[Aim of the task]
Only the lines from the one containing "Bad Kitty - pumpálható" through the end of the data below are to be repeated, exactly as given, without pictures.

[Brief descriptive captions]
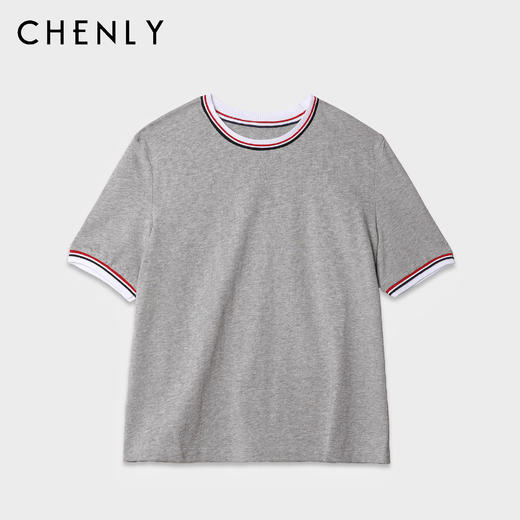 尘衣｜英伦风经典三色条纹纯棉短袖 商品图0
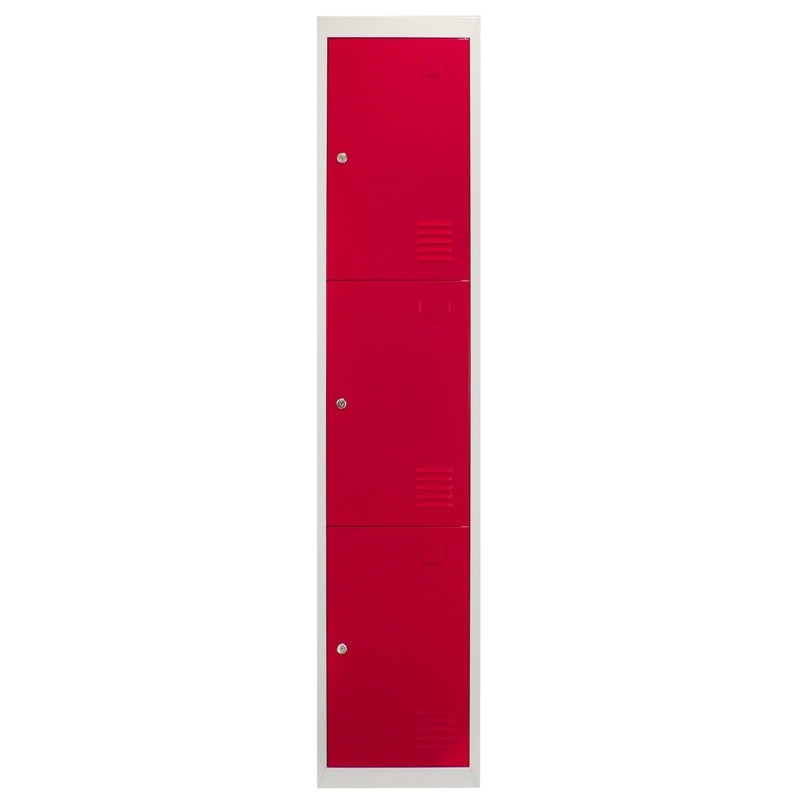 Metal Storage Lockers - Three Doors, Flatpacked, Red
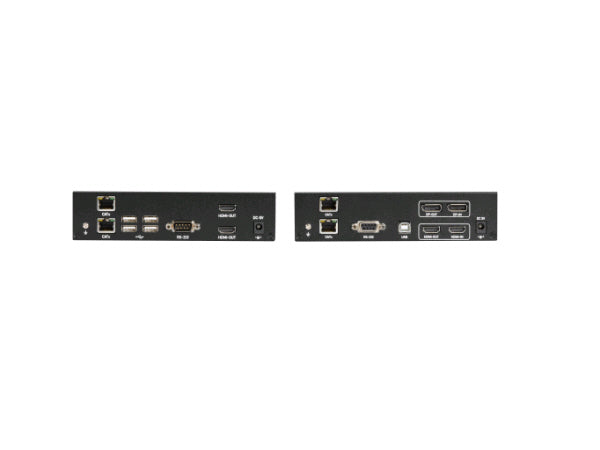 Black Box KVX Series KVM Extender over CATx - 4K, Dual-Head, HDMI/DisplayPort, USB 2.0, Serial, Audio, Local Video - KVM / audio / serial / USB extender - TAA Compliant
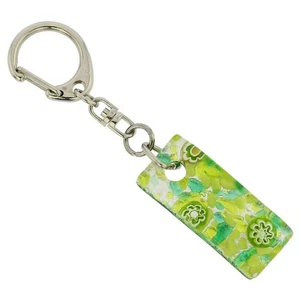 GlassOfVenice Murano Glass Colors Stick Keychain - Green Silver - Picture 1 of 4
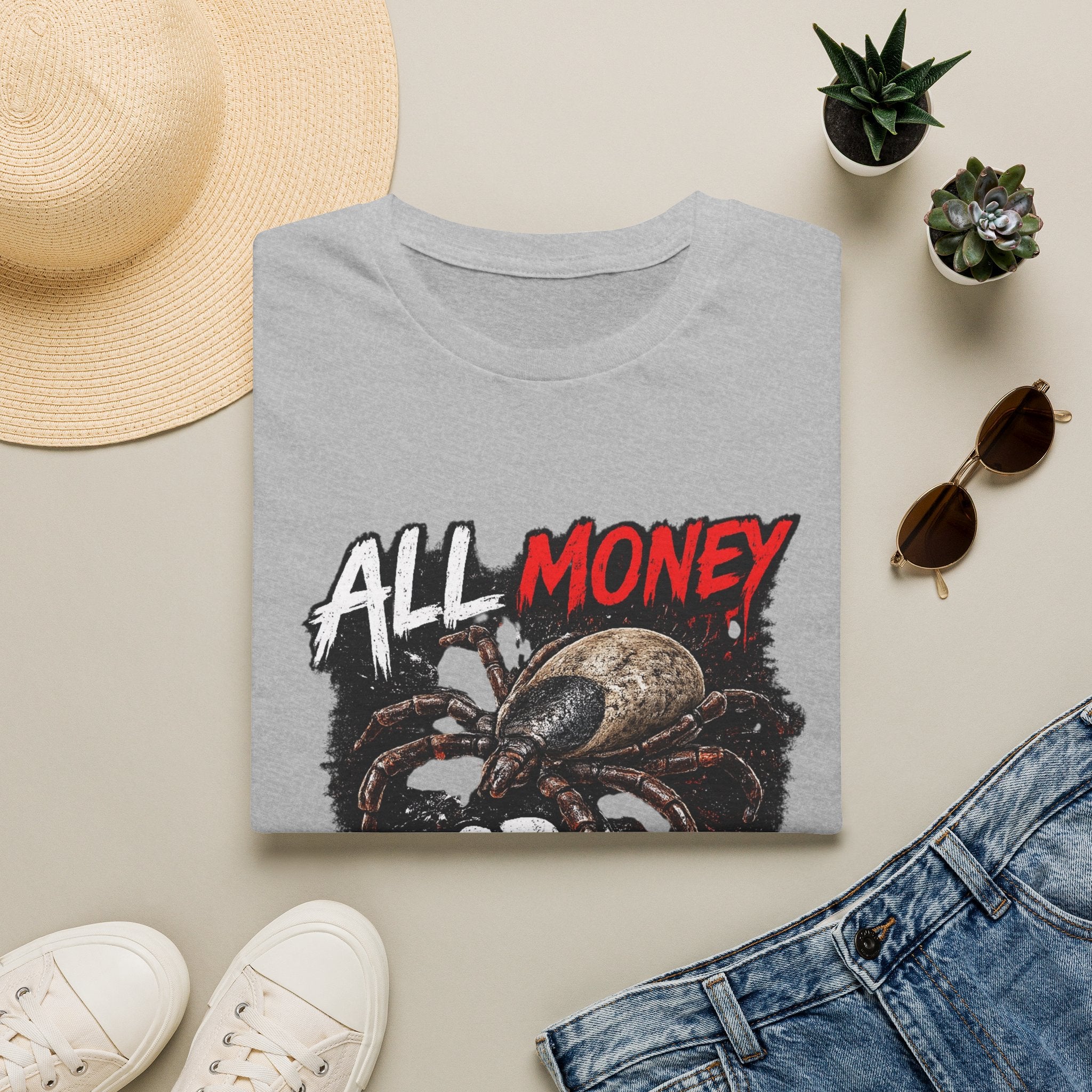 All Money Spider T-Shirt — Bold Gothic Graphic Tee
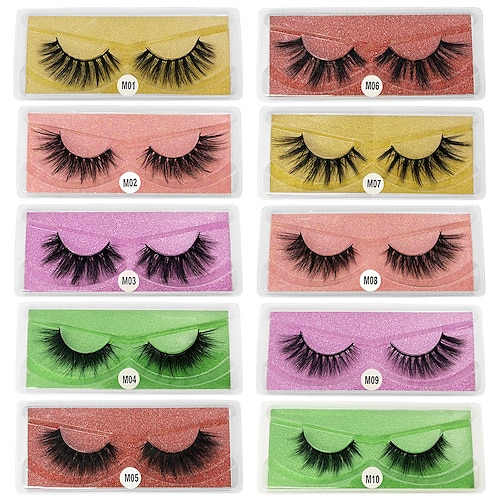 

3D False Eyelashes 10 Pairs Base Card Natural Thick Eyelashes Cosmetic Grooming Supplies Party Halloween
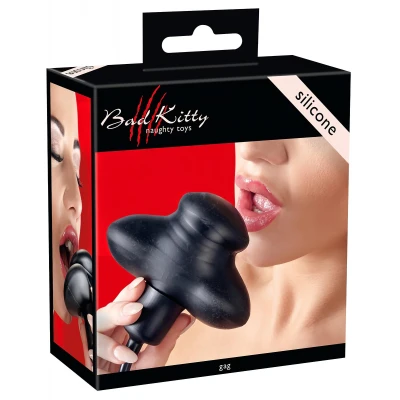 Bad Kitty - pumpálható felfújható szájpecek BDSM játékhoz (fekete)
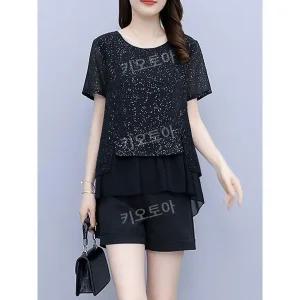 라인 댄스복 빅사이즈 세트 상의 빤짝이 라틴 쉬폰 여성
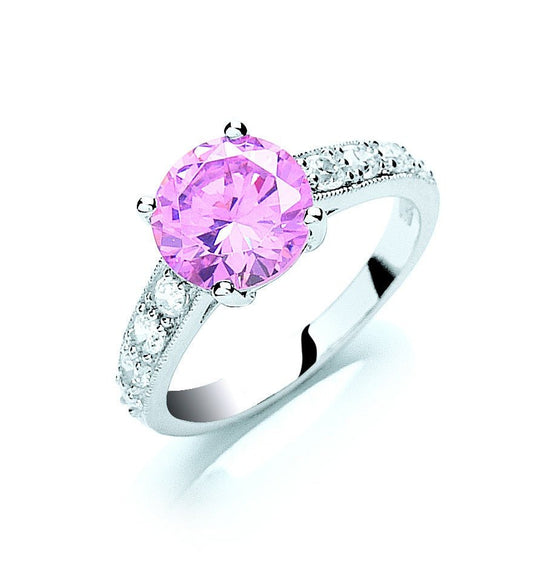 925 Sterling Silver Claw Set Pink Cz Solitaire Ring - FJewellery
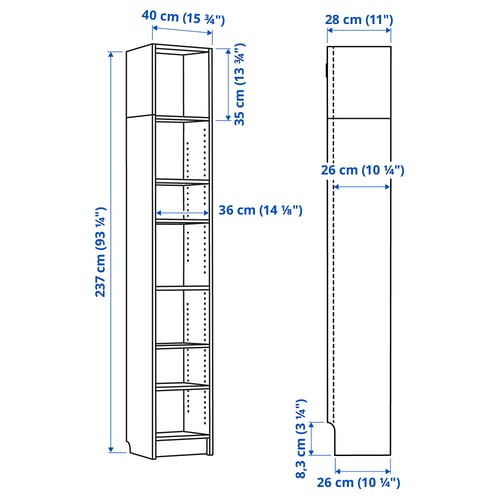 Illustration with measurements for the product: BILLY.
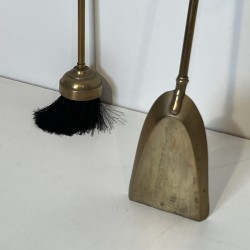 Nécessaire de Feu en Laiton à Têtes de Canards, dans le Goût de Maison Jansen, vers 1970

[Final answer]
 Bad Kitty - pumpálható felfújható szájpecek BDSM játékhoz (fekete)
 라인 댄스복 빅사이즈 세트 상의 빤짝이 라틴 쉬폰 여성
 925 Sterling Silver Claw Set Pink Cz Solitaire Ring - FJewellery
 Illustration with measurements for the product: BILLY.
 Nécessaire de Feu en Laiton à Têtes de Canards, dans le Goût de Maison Jansen, vers 1970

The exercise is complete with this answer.